TERUGBLIK NA VIER EEUWEN OP HET BELEG
VAN ZIERIKZEE 1575-1576
DOORW.H. KEIKES EN H. UIL.
"Het belegeren en innemen van steden blijkt tijdens de Tachtigjarige
oorlog de voornaamste militaire activiteit te zijn.
Al het andere is daaraan ondergeschikt gemaakt. Dit had tot gevolg
dat de stadsbewoners bijzonder nauw bij het oorlogsgebeuren werden
betrokken. Voor de meesten veel nauwer dan hun lief was.
A. Alberts 1)
INLEIDING
Een zilveren ketel met comfoor was de beloning van het stadsbestuur
van Zierikzee aan ds. Johs. van de Velde wegens diens redevoering
op 6 november 1776 ter herdenking van de bevrijding van het Spaanse
juk in 1576. 2
Ook het armlastig deel van de burgerij kon een graantje meepikken;
zij ontving een "toeleg tot een gedagtenisse wegens de viering van het
Twee hondertjaarige Eeuwfeest der verkregen vrijheijd in den Gods
dienst en Burgerstaat" 3).
Er was alle reden om de gelukkige afloop te gedenken na een slopende
belegering, gevolgd door overgave aan de vijand. Toch zijn er geen
aanwijzingen, dat ook al in 1676 een herdenkingsplechtigheid heeft
plaatsgevonden, terwijl in 1876 het "feest" beperkt bleef tot een "ge-
costumeerde voordracht" met muzikale medewerking van "Kunst en
Eer" in de concertzaal 4).
Nu, na vier eeuwen, lijkt een geschikt ogenblik aangebroken om nog
eens een terugblik te werpen op de belegering van Zierikzee.

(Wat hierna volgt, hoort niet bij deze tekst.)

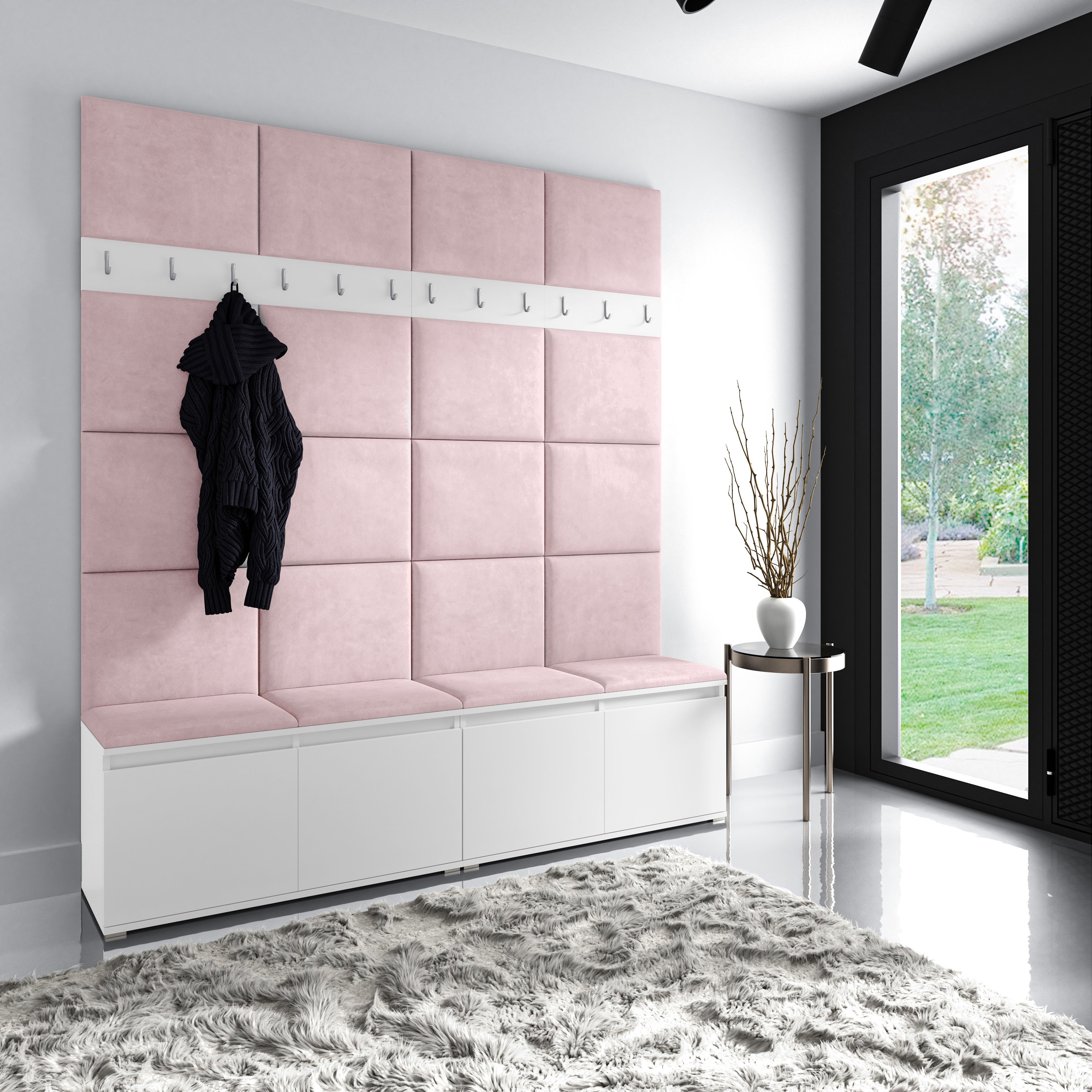 PK Emi 4 Hallway Wardrobe White - Upholstered Panels in Various Colours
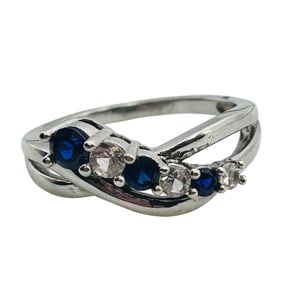 Blue Sapphire, Clear Topaz Five Stone Sterling Ring Size 7, 2.9 G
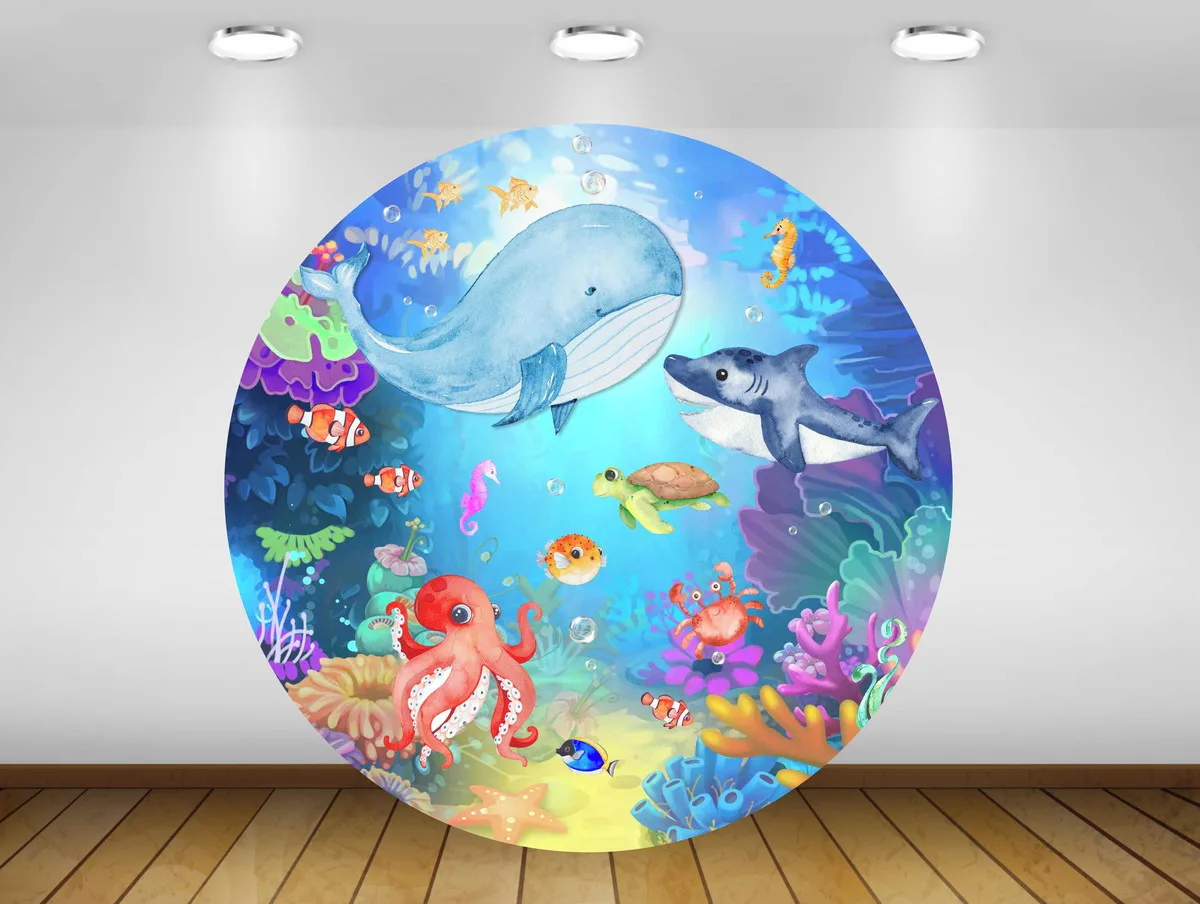 Happy Birthday Underwater World Cartoon Fish Shell Starfish Baby Party Banner Circle Backdrop Cute Shark Round Background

Hoewel aan deze militaire operatie zelfs een proefschrift werd gewijd
5), is dit beleg toch nooit "populair" geworden. De krijgsverrichtingen
van de Spanjaarden tegen bv. Naarden, Alkmaar, Haarlem en Leiden
zijn met bloed, hetzij met vergulde letters in vrijwel alle vaderlandse
geschiedboeken voor het nageslacht vastgelegd, maar over Zierikzee
leest men weinig of niets.
Op het eerste gezicht, na oppervlakkige kennisneming van de feiten,
lijkt het Spaans beleg van Zierikzee dan ook minder spectaculair. Wie
evenwel iets dieper graaft, stuit op zeer belangwekkende aspecten, die
zeker waard zijn om nog eens onder de aandacht van een breder publiek
te worden gebracht.
Aan de hand van de bronnen willen wij een terugblik werpen op een van
de meest interessante belegeringen uit de Tachtigjarige oorlog.
In het bijzonder zouden wij personen, die ten nauwste betrokken zijn
geweest bij het beleg, aan het woord willen laten. Hun vaak indringende
verslaggeving beeldt de confrontatie tussen verschillende opvattingen
over gezag en geloof uit. Juist door tijdgenoten aan het woord te laten
kan het menselijk aspect naar voren worden gebracht.